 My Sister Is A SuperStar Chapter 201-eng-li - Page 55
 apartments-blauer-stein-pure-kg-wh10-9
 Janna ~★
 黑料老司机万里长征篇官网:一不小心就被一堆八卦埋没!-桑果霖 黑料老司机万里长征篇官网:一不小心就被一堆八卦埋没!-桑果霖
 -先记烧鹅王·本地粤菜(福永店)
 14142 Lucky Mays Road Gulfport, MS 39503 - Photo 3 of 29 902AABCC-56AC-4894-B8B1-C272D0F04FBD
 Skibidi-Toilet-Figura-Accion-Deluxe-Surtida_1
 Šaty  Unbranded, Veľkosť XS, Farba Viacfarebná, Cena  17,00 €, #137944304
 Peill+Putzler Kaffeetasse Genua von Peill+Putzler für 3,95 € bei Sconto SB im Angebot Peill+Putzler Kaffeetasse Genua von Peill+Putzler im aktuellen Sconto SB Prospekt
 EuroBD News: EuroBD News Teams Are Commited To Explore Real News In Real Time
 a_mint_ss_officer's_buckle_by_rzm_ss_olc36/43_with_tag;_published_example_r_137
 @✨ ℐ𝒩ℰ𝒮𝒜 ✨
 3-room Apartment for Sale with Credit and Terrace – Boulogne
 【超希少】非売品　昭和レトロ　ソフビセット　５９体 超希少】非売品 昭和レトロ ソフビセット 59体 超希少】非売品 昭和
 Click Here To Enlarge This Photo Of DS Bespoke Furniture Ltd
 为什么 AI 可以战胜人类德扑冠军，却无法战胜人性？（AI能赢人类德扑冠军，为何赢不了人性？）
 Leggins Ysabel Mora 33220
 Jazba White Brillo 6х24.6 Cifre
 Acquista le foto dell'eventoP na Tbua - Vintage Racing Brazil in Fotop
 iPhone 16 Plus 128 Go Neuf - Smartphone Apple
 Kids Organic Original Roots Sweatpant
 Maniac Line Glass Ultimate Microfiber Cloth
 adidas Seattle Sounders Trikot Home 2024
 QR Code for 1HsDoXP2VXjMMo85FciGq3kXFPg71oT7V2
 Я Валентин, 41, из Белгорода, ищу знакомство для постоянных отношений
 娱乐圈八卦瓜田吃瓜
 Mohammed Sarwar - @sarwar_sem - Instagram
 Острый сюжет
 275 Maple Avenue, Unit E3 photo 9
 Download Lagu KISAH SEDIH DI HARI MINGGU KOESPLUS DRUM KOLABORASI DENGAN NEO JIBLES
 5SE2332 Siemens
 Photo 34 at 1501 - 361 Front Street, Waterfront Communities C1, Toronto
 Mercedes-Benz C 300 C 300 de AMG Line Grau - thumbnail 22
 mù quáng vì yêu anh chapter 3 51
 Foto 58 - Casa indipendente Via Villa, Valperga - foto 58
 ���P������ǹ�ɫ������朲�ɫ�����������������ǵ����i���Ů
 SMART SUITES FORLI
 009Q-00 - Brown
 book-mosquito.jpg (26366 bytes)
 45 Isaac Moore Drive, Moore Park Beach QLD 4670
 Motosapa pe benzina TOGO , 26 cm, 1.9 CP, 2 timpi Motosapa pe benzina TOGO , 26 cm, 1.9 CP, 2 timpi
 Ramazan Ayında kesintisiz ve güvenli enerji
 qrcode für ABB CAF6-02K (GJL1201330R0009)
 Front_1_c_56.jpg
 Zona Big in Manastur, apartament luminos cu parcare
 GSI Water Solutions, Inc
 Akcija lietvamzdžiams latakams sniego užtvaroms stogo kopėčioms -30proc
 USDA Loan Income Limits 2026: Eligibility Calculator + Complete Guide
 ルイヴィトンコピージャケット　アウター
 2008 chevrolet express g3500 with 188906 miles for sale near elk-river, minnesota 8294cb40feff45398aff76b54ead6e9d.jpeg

= = =

| Task |
Retype all of the data word for word.

| Exercise solution |
 My Sister Is A SuperStar Chapter 201-eng-li - Page 55
 apartments-blauer-stein-pure-kg-wh10-9
 Janna ~★
 黑料老司机万里长征篇官网:一不小心就被一堆八卦埋没!-桑果霖 黑料老司机万里长征篇官网:一不小心就被一堆八卦埋没!-桑果霖
 -先记烧鹅王·本地粤菜(福永店)
 14142 Lucky Mays Road Gulfport, MS 39503 - Photo 3 of 29 902AABCC-56AC-4894-B8B1-C272D0F04FBD
 Skibidi-Toilet-Figura-Accion-Deluxe-Surtida_1
 Šaty  Unbranded, Veľkosť XS, Farba Viacfarebná, Cena  17,00 €, #137944304
 Peill+Putzler Kaffeetasse Genua von Peill+Putzler für 3,95 € bei Sconto SB im Angebot Peill+Putzler Kaffeetasse Genua von Peill+Putzler im aktuellen Sconto SB Prospekt
 EuroBD News: EuroBD News Teams Are Commited To Explore Real News In Real Time
 a_mint_ss_officer's_buckle_by_rzm_ss_olc36/43_with_tag;_published_example_r_137
 @✨ ℐ𝒩ℰ𝒮𝒜 ✨
 3-room Apartment for Sale with Credit and Terrace – Boulogne
 【超希少】非売品　昭和レトロ　ソフビセット　５９体 超希少】非売品 昭和レトロ ソフビセット 59体 超希少】非売品 昭和
 Click Here To Enlarge This Photo Of DS Bespoke Furniture Ltd
 为什么 AI 可以战胜人类德扑冠军，却无法战胜人性？（AI能赢人类德扑冠军，为何赢不了人性？）
 Leggins Ysabel Mora 33220
 Jazba White Brillo 6х24.6 Cifre
 Acquista le foto dell'eventoP na Tbua - Vintage Racing Brazil in Fotop
 iPhone 16 Plus 128 Go Neuf - Smartphone Apple
 Kids Organic Original Roots Sweatpant
 Maniac Line Glass Ultimate Microfiber Cloth
 adidas Seattle Sounders Trikot Home 2024
 QR Code for 1HsDoXP2VXjMMo85FciGq3kXFPg71oT7V2
 Я Валентин, 41, из Белгорода, ищу знакомство для постоянных отношений
 娱乐圈八卦瓜田吃瓜
 Mohammed Sarwar - @sarwar_sem - Instagram
 Острый сюжет
 275 Maple Avenue, Unit E3 photo 9
 Download Lagu KISAH SEDIH DI HARI MINGGU KOESPLUS DRUM KOLABORASI DENGAN NEO JIBLES
 5SE2332 Siemens
 Photo 34 at 1501 - 361 Front Street, Waterfront Communities C1, Toronto
 Mercedes-Benz C 300 C 300 de AMG Line Grau - thumbnail 22
 mù quáng vì yêu anh chapter 3 51
 Foto 58 - Casa indipendente Via Villa, Valperga - foto 58
 ���P������ǹ�ɫ������朲�ɫ�����������������ǵ����i���Ů
 SMART SUITES FORLI
 009Q-00 - Brown
 book-mosquito.jpg (26366 bytes)
 45 Isaac Moore Drive, Moore Park Beach QLD 4670
 Motosapa pe benzina TOGO , 26 cm, 1.9 CP, 2 timpi Motosapa pe benzina TOGO , 26 cm, 1.9 CP, 2 timpi
 Ramazan Ayında kesintisiz ve güvenli enerji
 qrcode für ABB CAF6-02K (GJL1201330R0009)
 Front_1_c_56.jpg
 Zona Big in Manastur, apartament luminos cu parcare
 GSI Water Solutions, Inc
 Akcija lietvamzdžiams latakams sniego užtvaroms stogo kopėčioms -30proc
 USDA Loan Income Limits 2026: Eligibility Calculator + Complete Guide
 ルイヴィトンコピージャケット　アウター
 2008 chevrolet express g3500 with 188906 miles for sale near elk-river, minnesota 8294cb40feff45398aff76b54ead6e9d.jpeg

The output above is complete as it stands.